##### RECORDS SHOWN #####

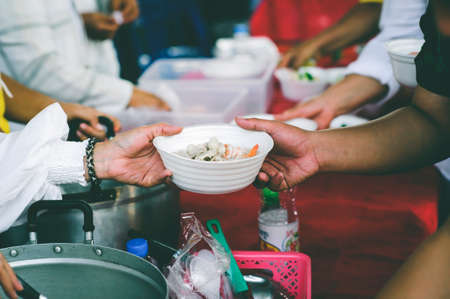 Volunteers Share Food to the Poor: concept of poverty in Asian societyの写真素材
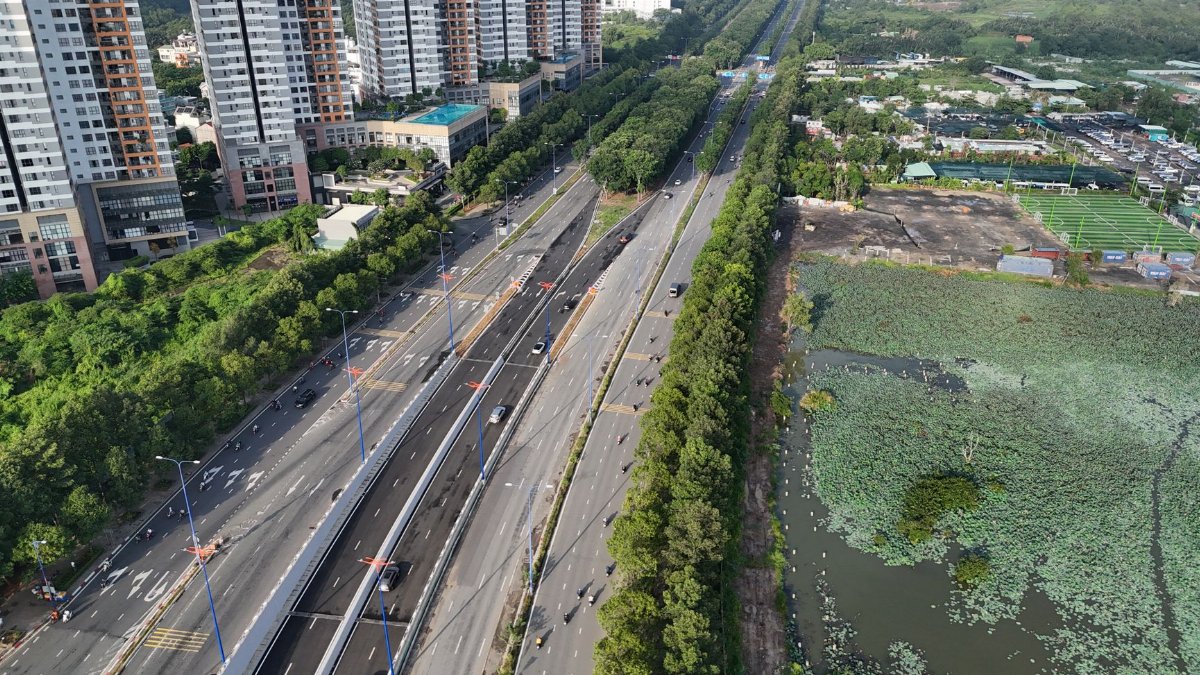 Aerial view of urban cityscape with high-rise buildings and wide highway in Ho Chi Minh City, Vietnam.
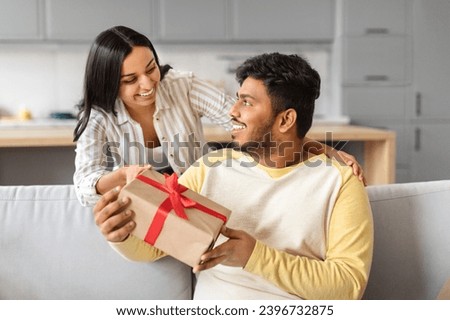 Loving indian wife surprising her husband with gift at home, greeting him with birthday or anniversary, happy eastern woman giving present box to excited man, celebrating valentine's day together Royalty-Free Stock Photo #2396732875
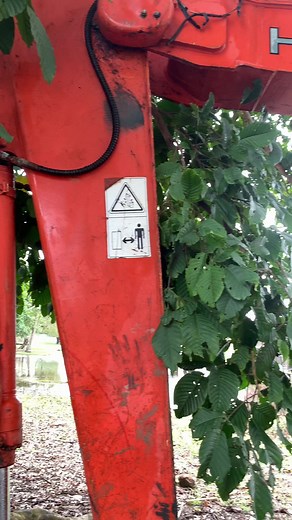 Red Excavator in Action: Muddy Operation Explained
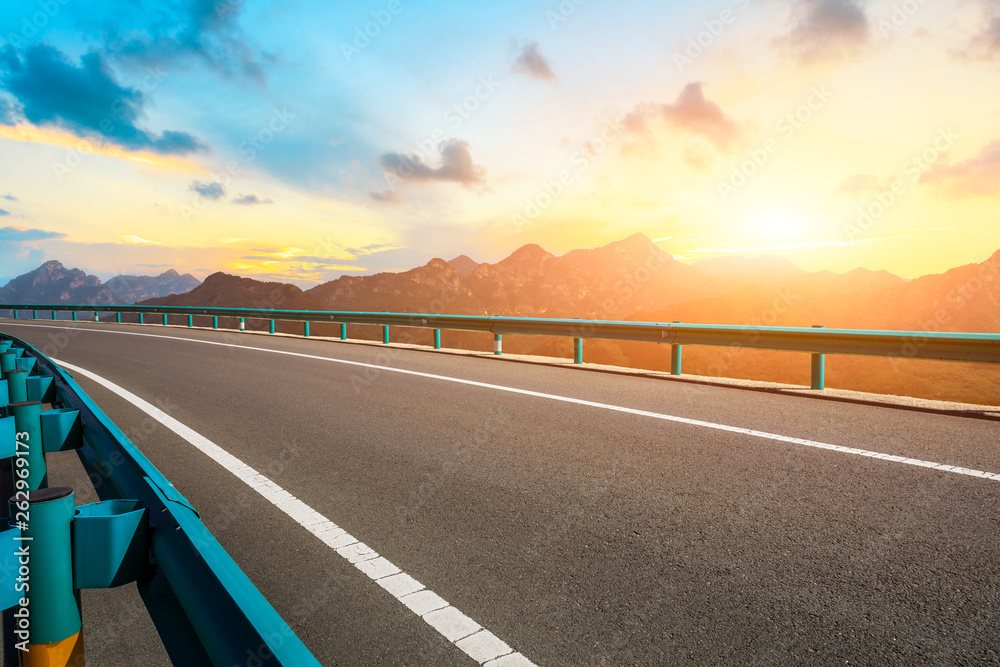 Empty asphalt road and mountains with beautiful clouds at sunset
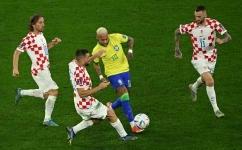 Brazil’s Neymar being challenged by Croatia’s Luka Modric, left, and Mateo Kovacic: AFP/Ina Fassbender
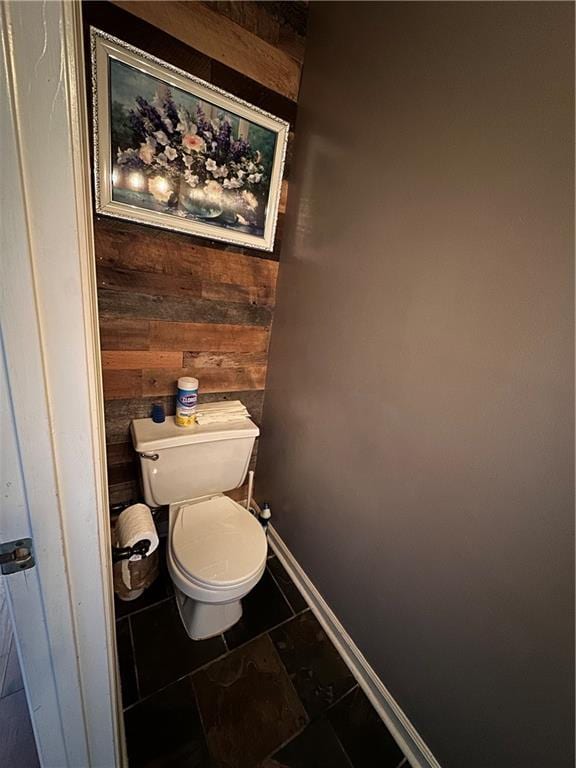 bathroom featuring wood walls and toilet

#####

**AIM OF THE TASK:** Without the pictures, write out every line above exactly as it appears.

**OUTPUT FOR THIS EXERCISE:**
 Volunteers Share Food to the Poor: concept of poverty in Asian societyの写真素材
 Aerial view of urban cityscape with high-rise buildings and wide highway in Ho Chi Minh City, Vietnam.
 Loving indian wife surprising her husband with gift at home, greeting him with birthday or anniversary, happy eastern woman giving present box to excited man, celebrating valentine's day together Royalty-Free Stock Photo #2396732875
 Red Excavator in Action: Muddy Operation Explained
 Empty asphalt road and mountains with beautiful clouds at sunset
 Brazil’s Neymar being challenged by Croatia’s Luka Modric, left, and Mateo Kovacic: AFP/Ina Fassbender
 bathroom featuring wood walls and toilet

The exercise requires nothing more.